═════ THE INPUT

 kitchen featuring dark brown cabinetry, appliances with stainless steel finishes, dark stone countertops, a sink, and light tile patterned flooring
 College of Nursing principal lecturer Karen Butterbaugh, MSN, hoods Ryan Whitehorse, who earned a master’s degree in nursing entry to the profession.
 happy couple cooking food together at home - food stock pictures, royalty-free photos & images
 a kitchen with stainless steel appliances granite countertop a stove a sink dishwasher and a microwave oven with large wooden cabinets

══════════
═════ THE INPUT

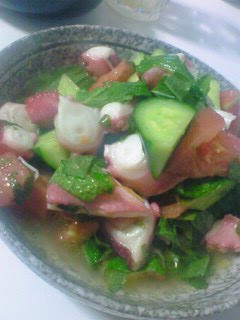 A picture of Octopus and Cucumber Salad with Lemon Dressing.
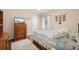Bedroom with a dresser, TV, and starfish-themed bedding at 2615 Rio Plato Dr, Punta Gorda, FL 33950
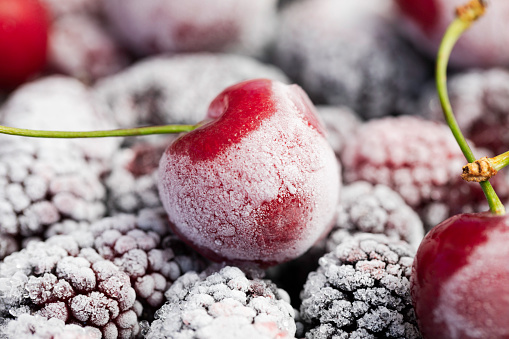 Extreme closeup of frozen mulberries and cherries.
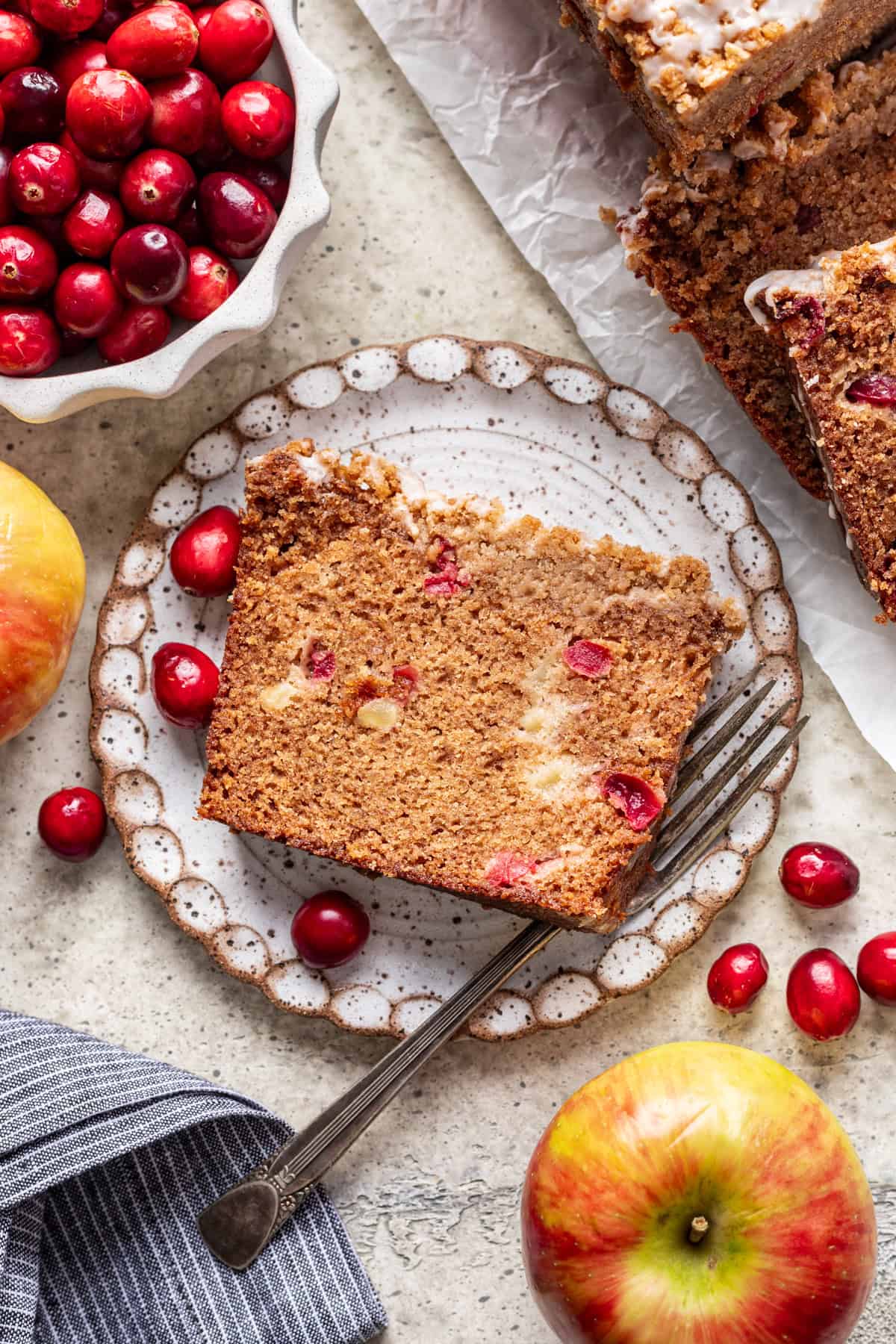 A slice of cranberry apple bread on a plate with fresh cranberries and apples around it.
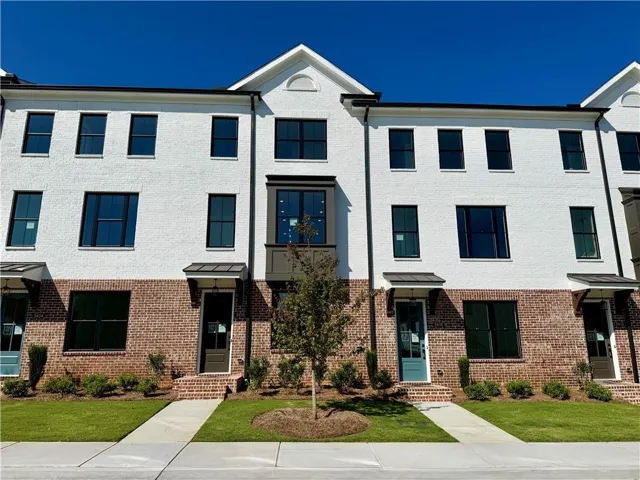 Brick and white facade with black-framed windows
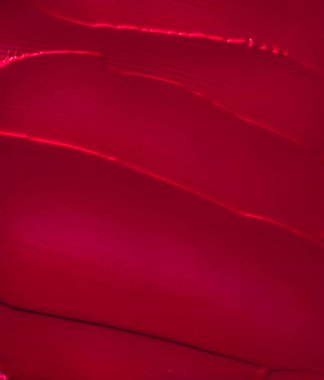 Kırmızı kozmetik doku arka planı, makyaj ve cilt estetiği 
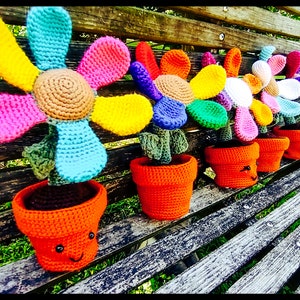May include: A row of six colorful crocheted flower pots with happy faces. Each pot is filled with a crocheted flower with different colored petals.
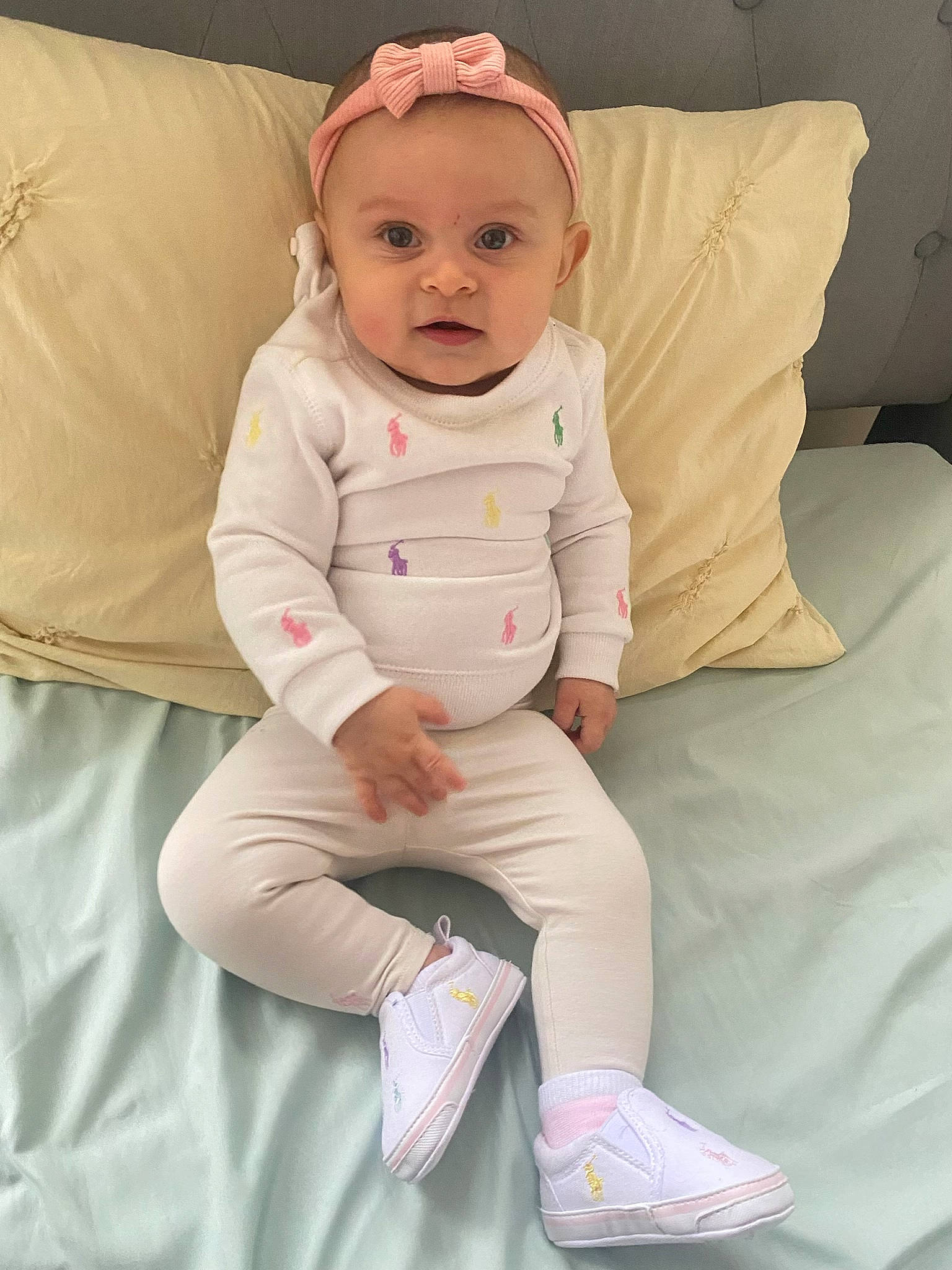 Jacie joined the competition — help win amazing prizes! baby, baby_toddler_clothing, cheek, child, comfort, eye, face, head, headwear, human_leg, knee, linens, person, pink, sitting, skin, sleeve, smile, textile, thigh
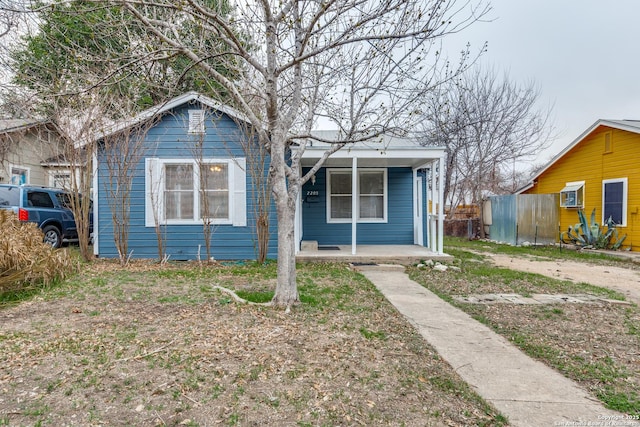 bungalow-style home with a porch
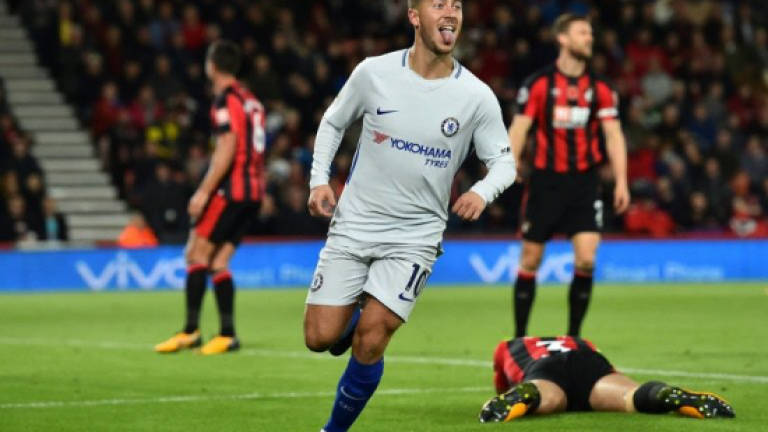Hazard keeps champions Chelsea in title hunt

══════════
═════ THE INPUT

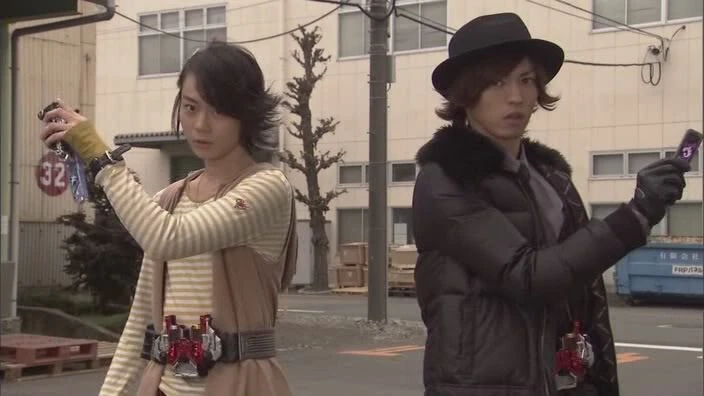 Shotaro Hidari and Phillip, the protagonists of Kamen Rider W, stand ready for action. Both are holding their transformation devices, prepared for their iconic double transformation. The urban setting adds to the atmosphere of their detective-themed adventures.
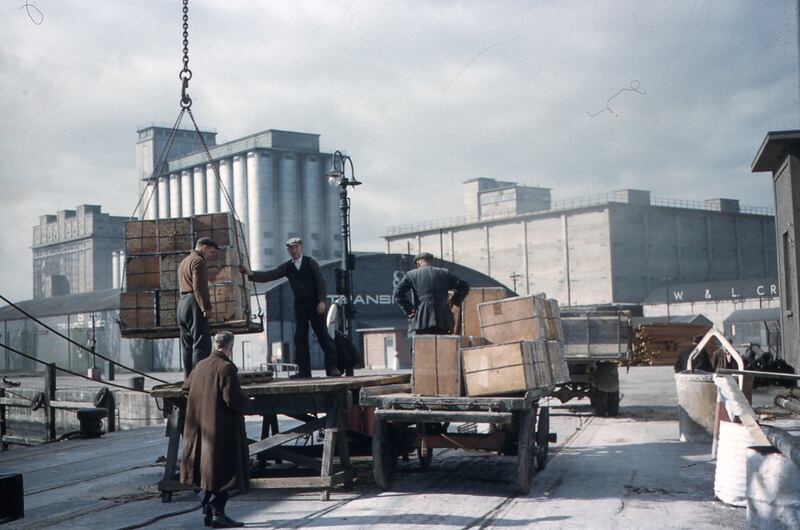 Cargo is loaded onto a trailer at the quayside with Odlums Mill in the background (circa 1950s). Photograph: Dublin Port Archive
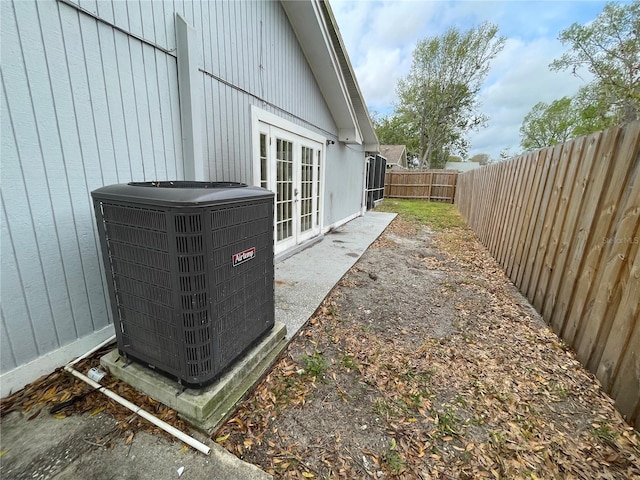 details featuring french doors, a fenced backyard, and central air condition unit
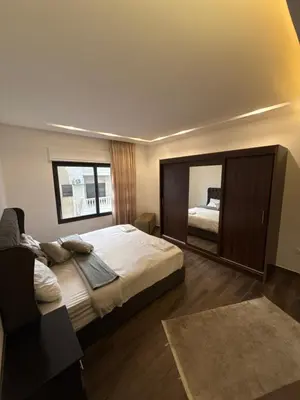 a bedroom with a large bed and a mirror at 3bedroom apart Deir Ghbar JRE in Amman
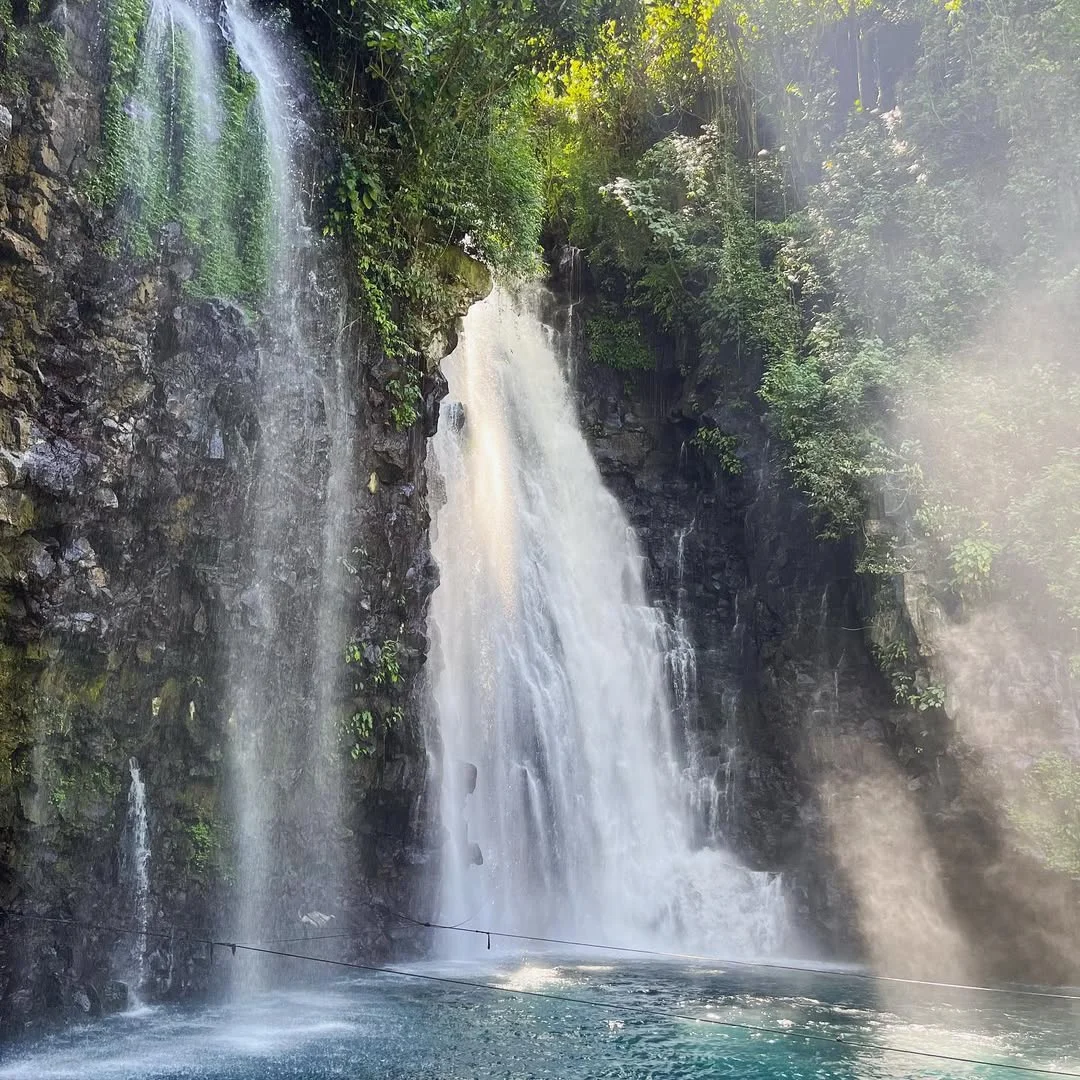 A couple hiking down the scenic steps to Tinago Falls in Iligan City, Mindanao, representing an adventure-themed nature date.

══════════

Print exactly the lines above that run from the one with "a bedroom with" to the one with "A couple hiking", both included. No pictures.

• [REPLY]:
 a bedroom with a large bed and a mirror at 3bedroom apart Deir Ghbar JRE in Amman
 A couple hiking down the scenic steps to Tinago Falls in Iligan City, Mindanao, representing an adventure-themed nature date.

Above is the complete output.